C’est indispensable ?

 

On dit souvent que c’est en comprenant ses clients ou en observant ses “non clients” que l’on fait de meilleures propositions de valeurs. C’est pareil dans le social : c’est en écoutant des jeunes à des forums d’orientation que l’on a décidé de monter la plateforme Monavenirengrand. Ils expliquaient qu’ils ne savaient pas où trouver l’information, où rencontrer des personnes inspirantes. Je pense aussi que mon âge compte. Je reprends l’association pour la développer et je suis administratrice à deux endroits, ça me donne une forme de prise de recul. Je ne peux pas tout connaître, j’ai besoin de comprendre comment réussir et de me réinventer tous les jours.

 

Plus largement, quel est votre regard sur le secteur de l’ESS ?

 

Le secteur de l’ESS est en pleine transformation. On observe une multiplication des acteurs et en même temps un réel besoin de logique partenariale qui ne fonctionne pas encore. Il y a cependant une hausse des entreprises engagées, l’ESS se développe au niveau territorial et les investisseurs partenaires se multiplient. Certains acteurs sont devenus très gros et en ont intégré d’autres.
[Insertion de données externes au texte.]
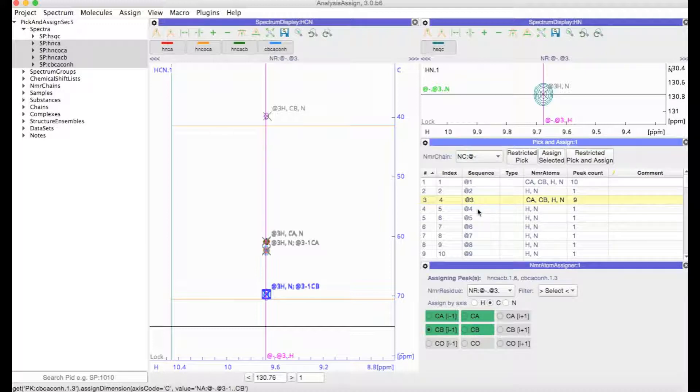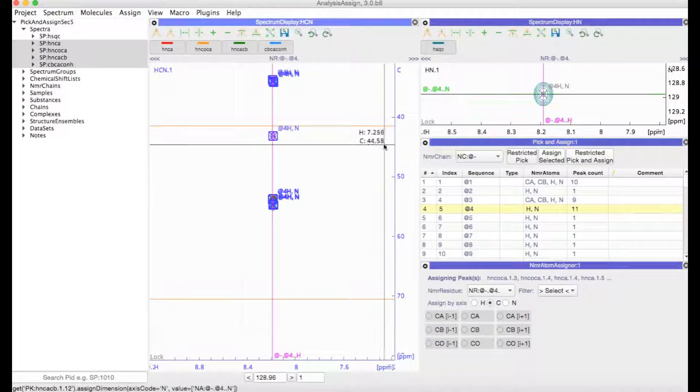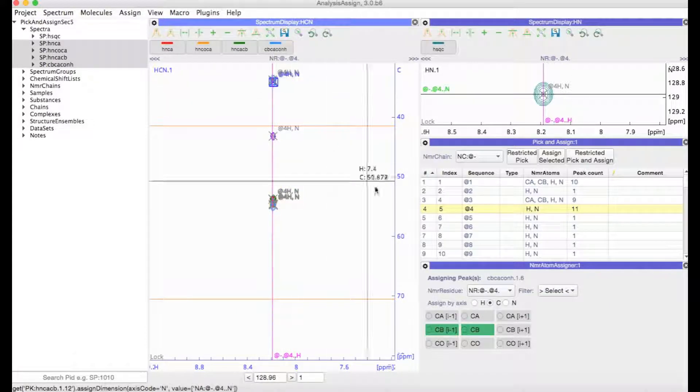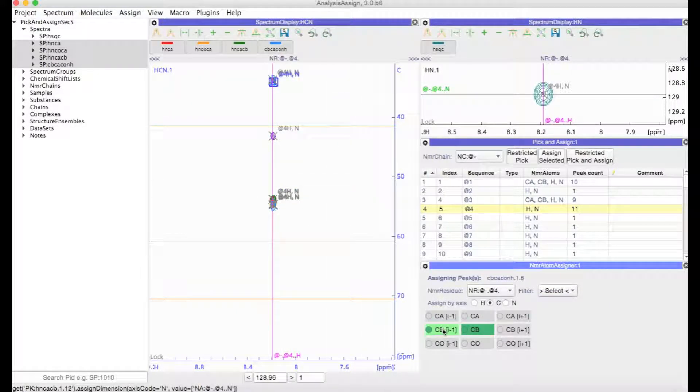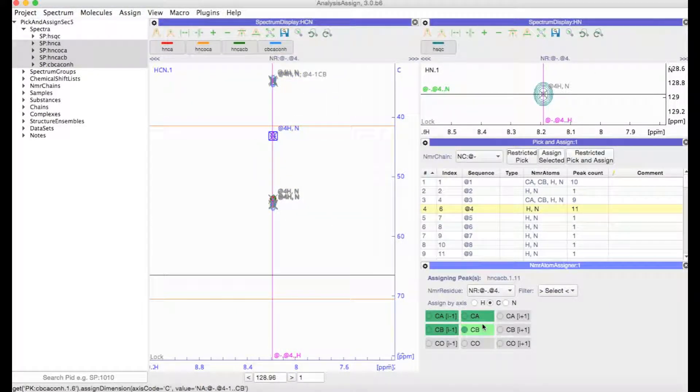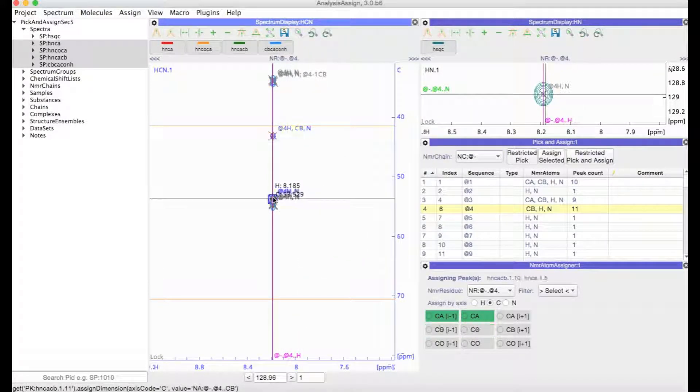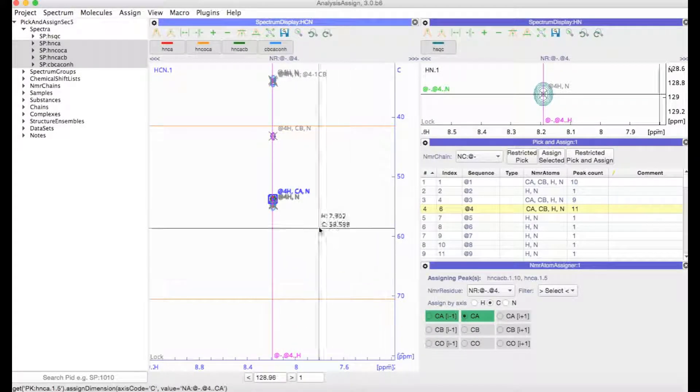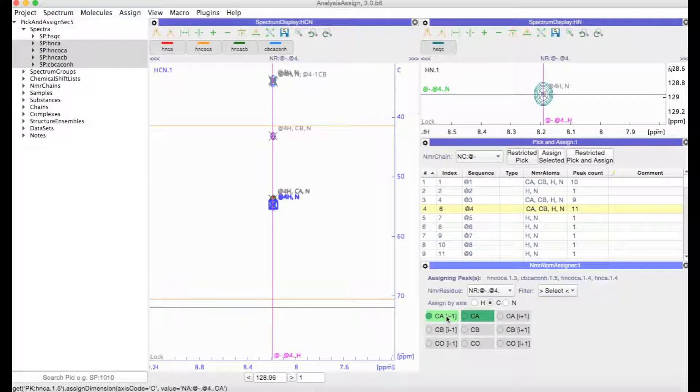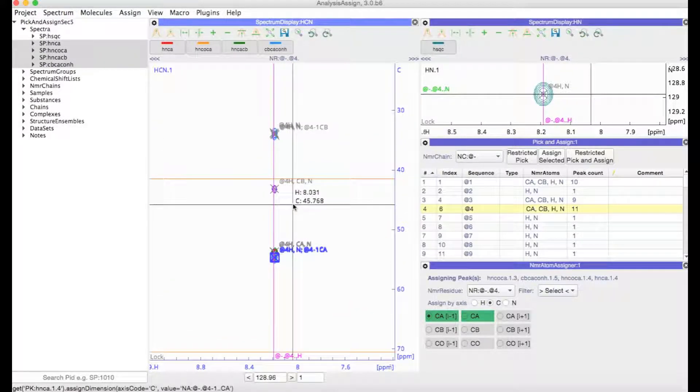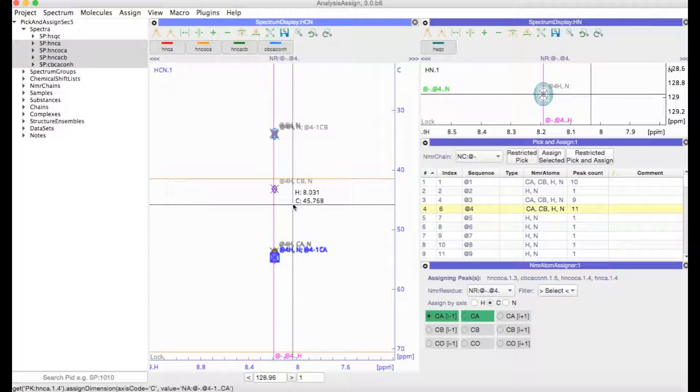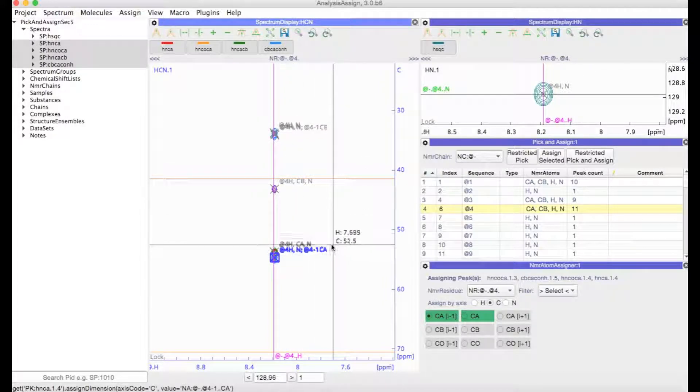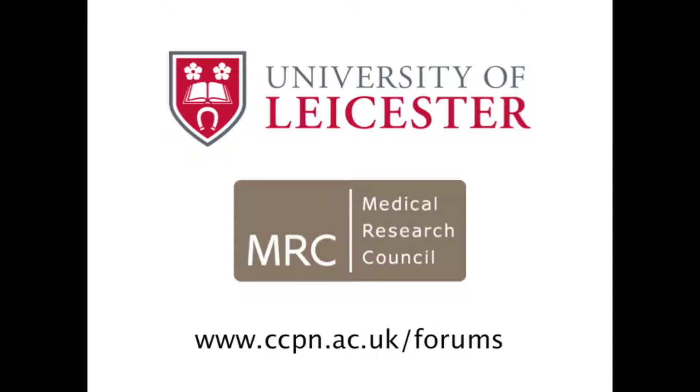And then you can just proceed through the whole of your protein, restricted picking and assigning, and then making your carbon atom assignments. And if you continue with that, then you will end up with a really nice set of peak lists for your 3D spectra, which are clean and have all the NMR atom assignments that you need.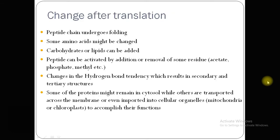Changes which occur after translation: the peptide chain undergoes manifold folding. Some amino acids might be changed. Carbohydrates or lipids can be added. Peptides can be activated by addition or removal of some residues like acetate, phosphate, methyl group, etc. There are also changes in hydrogen bond tendency which result in secondary and tertiary structure changes. Some proteins remain in the cytosol while others are transported across the membrane or imported into cellular organelles like mitochondria and chloroplast to accomplish their function.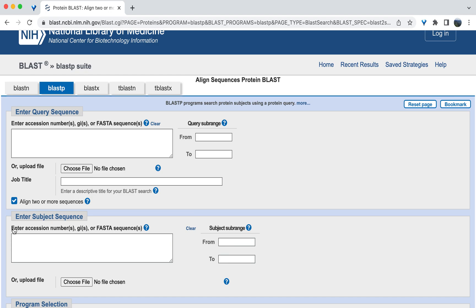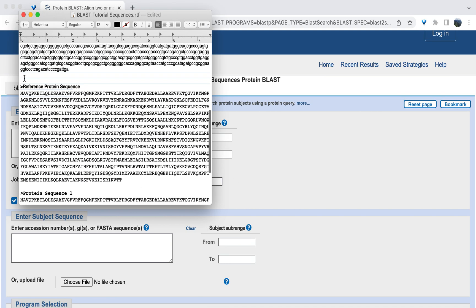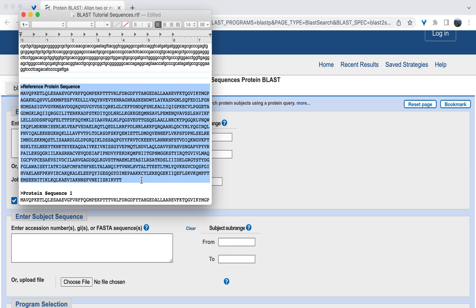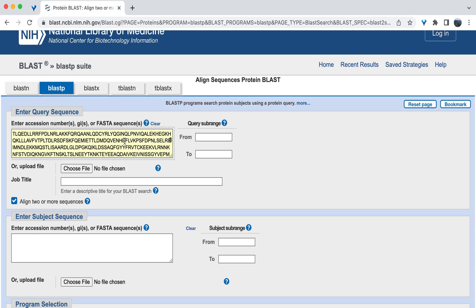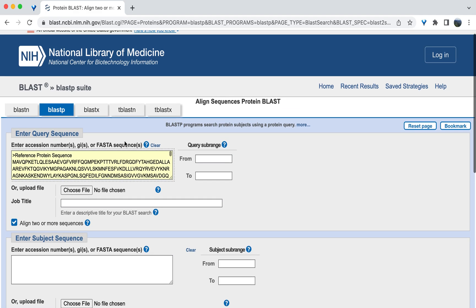To do this, we must enter the reference sequence into the large box under enter query sequence. This will be the query sequence. I'm going to copy and paste the reference sequence for the protein into this box. Here's the reference sequence. Copy and paste. Be sure to always include the description line, which begins with the greater than sign.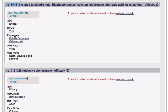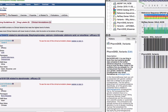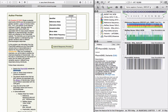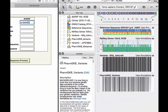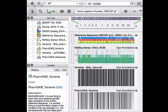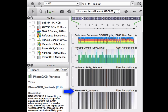Notice that one of these variants is associated with the VDR gene. Copy the RSID of the VDR-associated variant and move to Genome Browse. In Genome Browse, display these four tracks: Reference sequence GRCh37, RefSeq Genes 105v2, Variants, Billy Ashcraft, and PharmGKB Variants.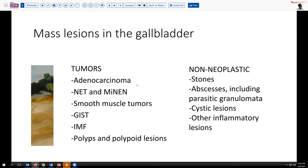Beyond garden variety adenocarcinomas of the usual type, we can also see neuroendocrine tumor and mixed neuroendocrine neoplasms, as well as occasional smooth muscle tumors, GI stromal tumors, inflammatory myofibroblastic tumors, and various benign polyps or precursor polyps and polypoid lesions, such as polypoid cholesterolosis, which can on occasion reach a size of up to several centimeters.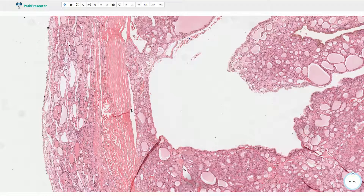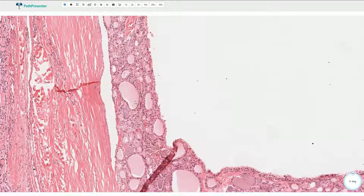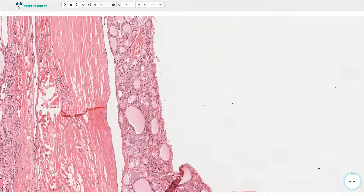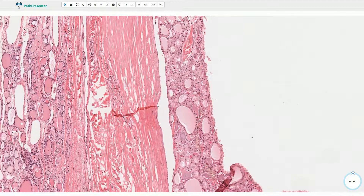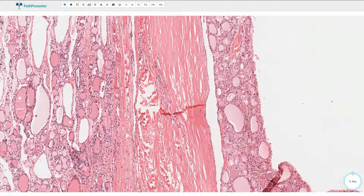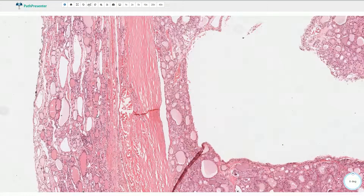This is the follicular adenoma, which is partially cystically transformed. The follicles are lined by cuboidal thyrocytes, and some of these follicles are relatively small. Here we have the fibrous capsule, and if we compare this parenchyma to the adjacent thyroid parenchyma, it looks different — here we have relatively flat thyrocytes and the cells are less prominent. This different appearance is usually slightly more prominent than in this case.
La fusion-acquisition dans l’ESS va devenir une tendance, mais je crois davantage en une logique en chaîne de valeurs. Pour ça, il faut des financements communs, qui vont créer des synergies inter-acteurs et des partenariats stratégiques. Troisième chose : compte tenu de la multiplicité des acteurs, il faut répondre à la problématique macroéconomique au niveau national.  

 

Quelles sont vos propositions ?

 

Chez Télémaque, nous essayons de trouver des solutions innovantes, notamment grâce au digital. Les jeunes passent 80 % de leur temps sur leur portable. La solution ? Créer une plateforme numérique. Ça fait évoluer un peu les choses. Après, faire du plaidoyer. Il est inadmissible par exemple que le sujet de l’inégalité des chances n’avance pas. Nous n’avons pas assez conscience du point auquel il fragilise la société et demain. La peur de l’autre augmente, tout comme en corollaire les inégalités et les fragilités sociales, qui sont de plus en plus fortes en bas de la pyramide sociale. Cela peut empêcher une nouvelle génération de jeunes de croire en son avenir. L’éducation est une urgence pour tous les citoyens de demain, car ce sont de futurs électeurs. Si on ne travaille pas l’altruisme, la générosité, la fraternité et l’espoir, la société ne prospère plus. C’est vital. Nous déplaçons trop le débat sur les moyens, alors qu’il faut reposer la question du pourquoi.